Major Differences in Production Estimates As 2019 U.S. Growing Season Draws to a Close
Today, Indigo announced its final U.S. production estimates for 2019: We forecast 12.7B bushels of corn and 3.4B bushels of soybeans, which are 1.1B and 200M bushels below the USDA’s September report for corn and soybeans, respectively. Since our September report, our production estimate increased by 1% for both crops, driven by increases in projected yields. Projected corn yields went from 159.4 bushels per acre (bu/ac) in September to 161.2 bu/ac in October, while projected yields for soybeans went from 45.2 bu/ac to 45.6 bu/ac. Planted acreage estimates of 86.2M for corn and 75.7M for soybeans remain unchanged from Indigo’s report last month.
Significant Variation on State Level
Relative to historic averages, production estimates show considerable variation on a state-by-state basis. For example, Nebraska is projected to generate 1.8B bushels of corn in 2019, which is up 4% from the 3-year average. Nebraskan farmers were able to get their corn crop in the ground on time, and enjoyed relatively favorable subsequent growing conditions. In contrast, Ohio is projected to be 40% below the 3-year average, due to a significant decrease in acres planted and poor projected yields. The table below shows projected production and associated yields for several major corn-producing states.
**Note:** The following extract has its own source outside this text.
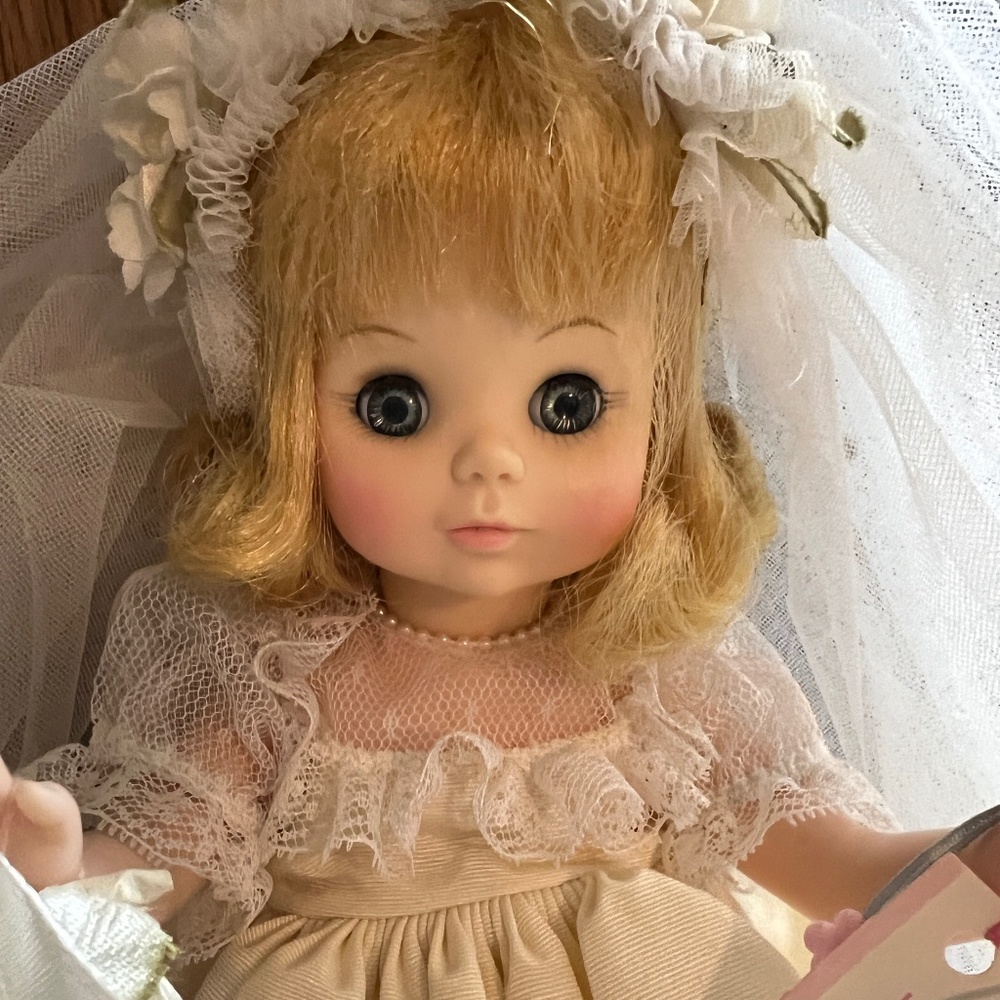 Madame Alexander Bride Doll Cream dress and veil USA Vtg 1987 14" w/stand&box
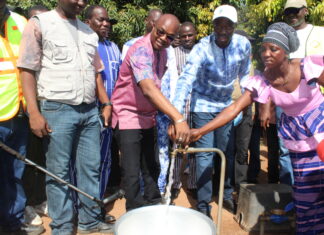 Eau et assainissement: le ministre Roger Baro salue les avancées de la « bataille de l’eau »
Production estimates for soybeans show a similar dynamic as illustrated in the table below.
Indigo’s Production Estimates Tend To Be More Accurate than the USDA’s
Indigo analyzed the accuracy of its forecasting techniques against 15 years of U.S. production data. The graph below illustrates an average error (in absolute percent form) of our yield estimates compared to the USDA’s year-end data. In July, Indigo’s average error is approximately 5.5% for both corn and soybeans, which is similar to the USDA’s error rate over the same timeframe. Indigo’s error rate, however, tends to drop significantly by August, especially for corn. By September, Indigo’s forecasts average roughly 2% for corn and a little over 3% for soybeans, which is considerably less when compared to the USDA.
Favorable Weather Mitigates At-Risk Acres
Indigo’s planted acreage estimate has not changed since last month. Within those planted acres, though, Indigo has tracked a change in those severely delayed acres – areas four weeks or more behind in growth, compared to historical trends. The good news is that the changes are, on the whole, positive: 2.1M total acres were able to catch up since last month, given a continued stretch of favorable weather, bringing the total at risk acres down to 6.5M acres across the Corn Belt. North Dakota, South Dakota, and Minnesota saw the biggest reductions in at risk acres; Ohio and Michigan are, however, showing an increase in at-risk acres.
Turning to South America
In January, Indigo will initiate our South America yield model. We also look forward to the announcement of the USDA’s closeout numbers for 2019 U.S. corn and soybean production at that time.